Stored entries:

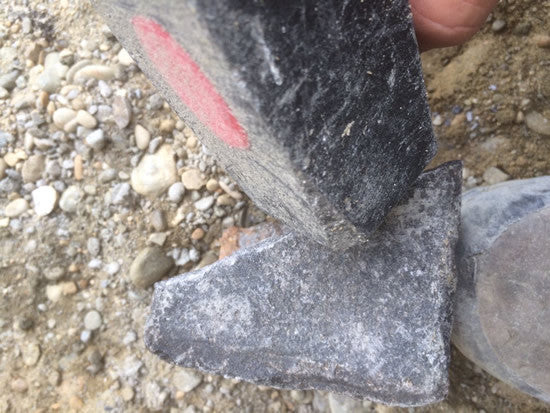 Pflastersteine Granit spalten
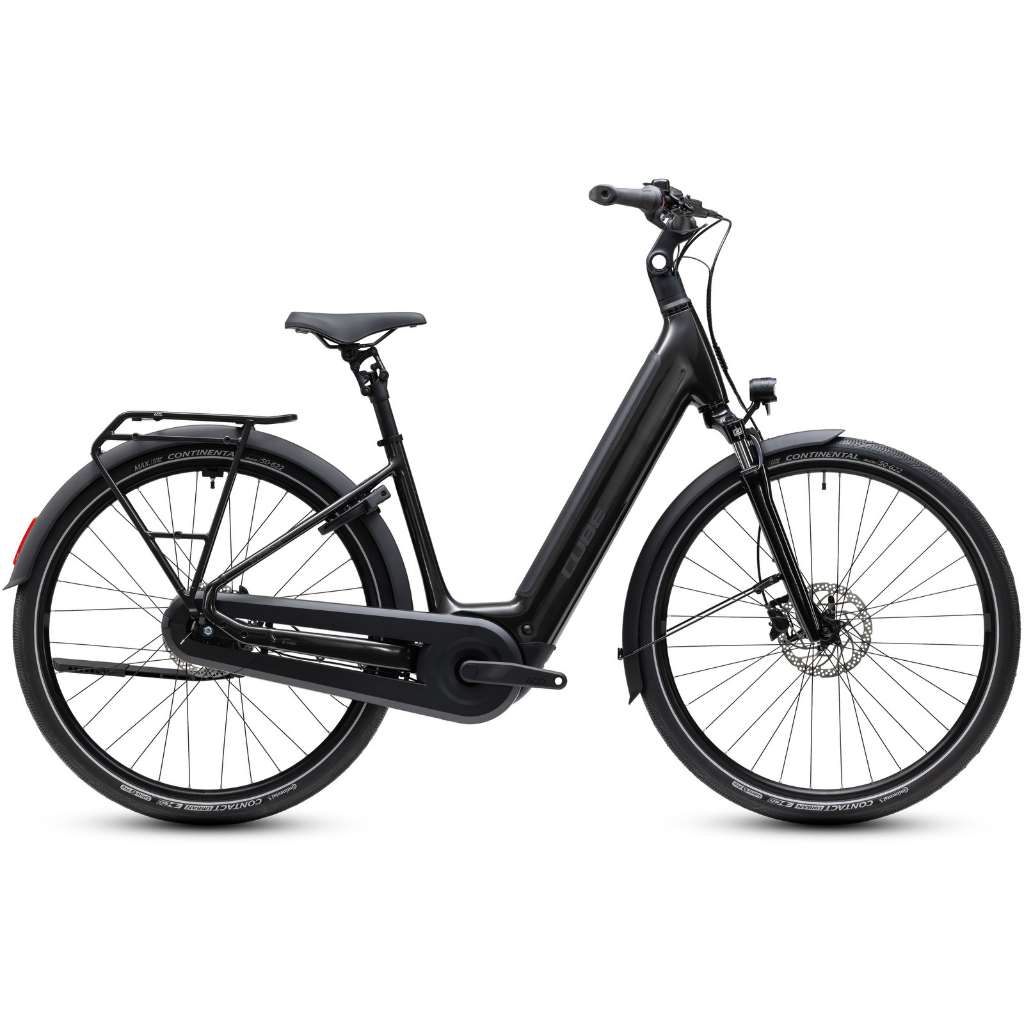 Cube Supreme Hybrid Comfort One 600 Gunmetal´n´reflex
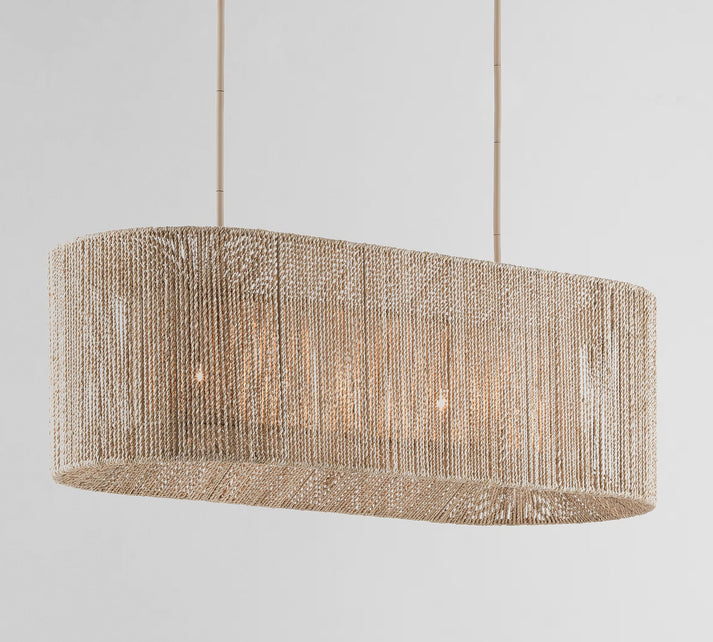 Farrington Abaca Linear Chandelier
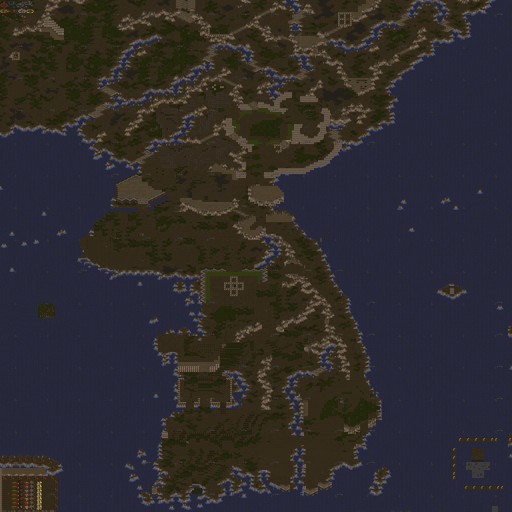 나짓전한반도 ver.625참사 — map preview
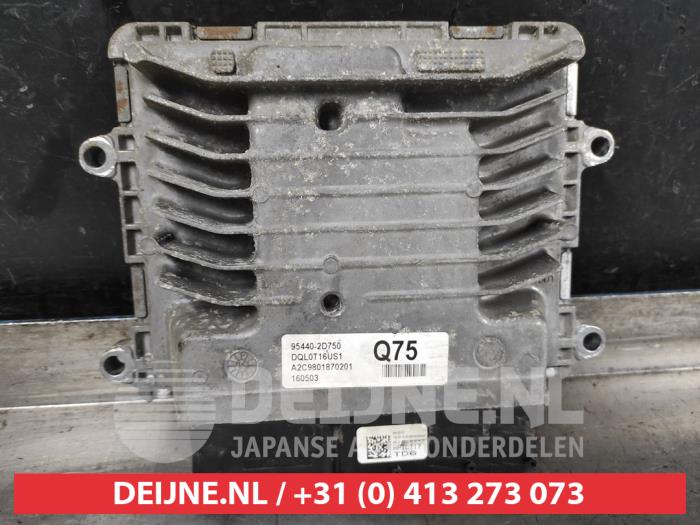 Kia Sportage Steuergerät Automatikkupplung O661145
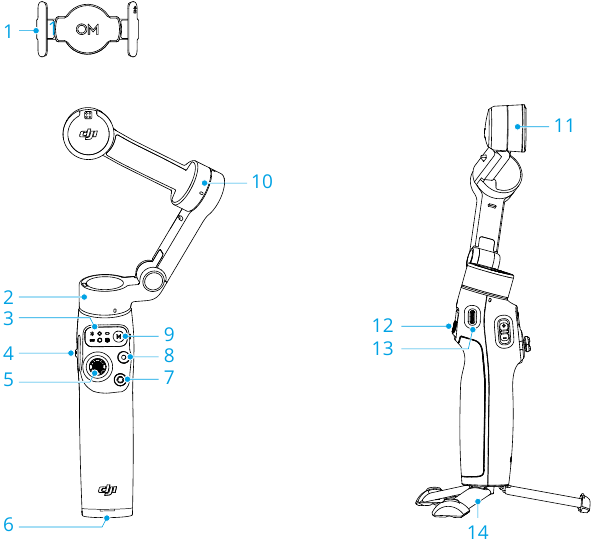 dji - OSMO MOBILE 7 - Produktprofil - Osmo Mobile 7 Produktprofil - Osmo Mobile 7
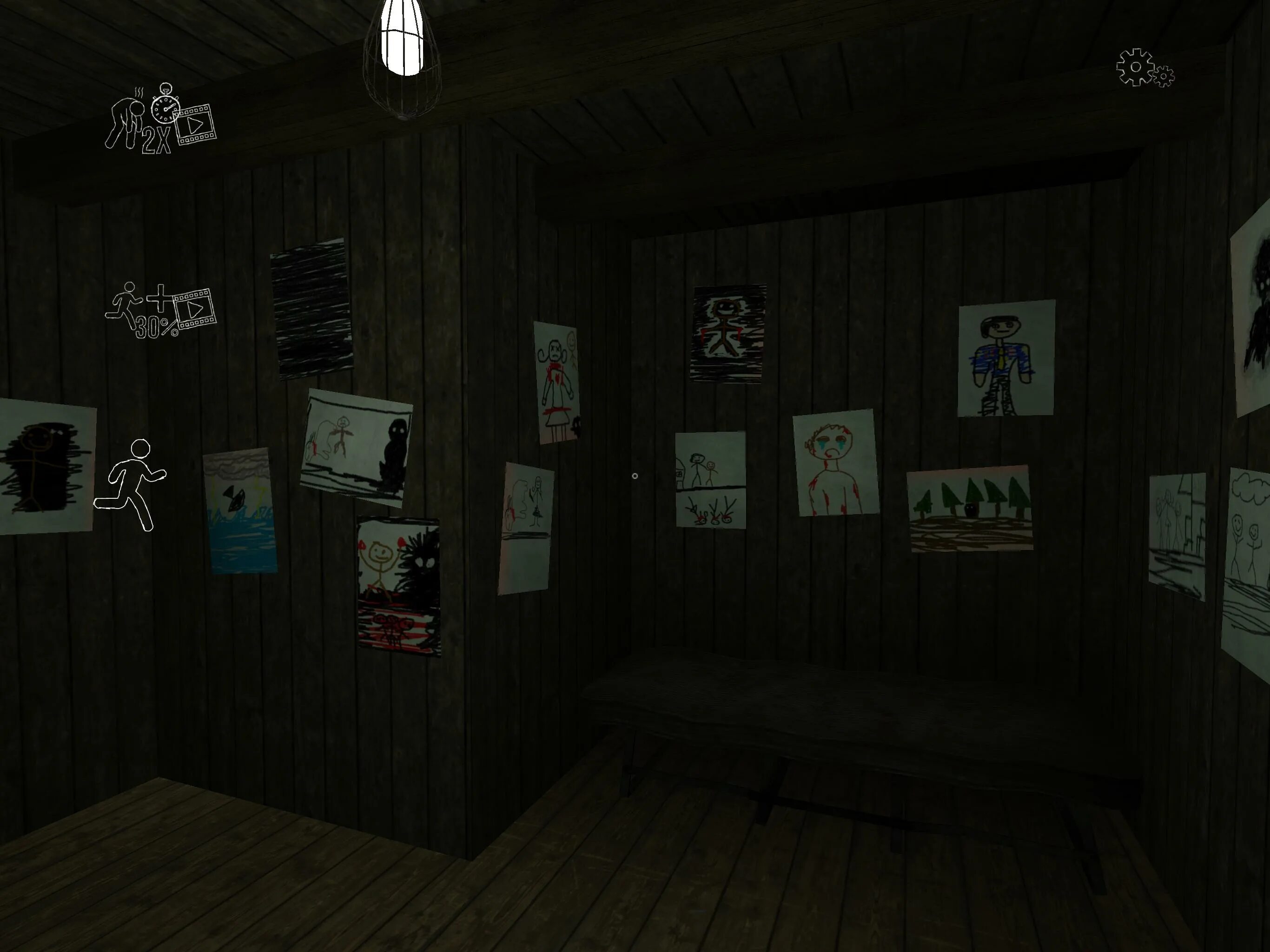 Horror games mod menu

WORK REQUIRED: The preceding entries are to be written out again exactly, with the pictures removed.

RESULT:
 Pflastersteine Granit spalten
 Cube Supreme Hybrid Comfort One 600 Gunmetal´n´reflex
 Farrington Abaca Linear Chandelier
 나짓전한반도 ver.625참사 — map preview
 Kia Sportage Steuergerät Automatikkupplung O661145
 dji - OSMO MOBILE 7 - Produktprofil - Osmo Mobile 7 Produktprofil - Osmo Mobile 7
 Horror games mod menu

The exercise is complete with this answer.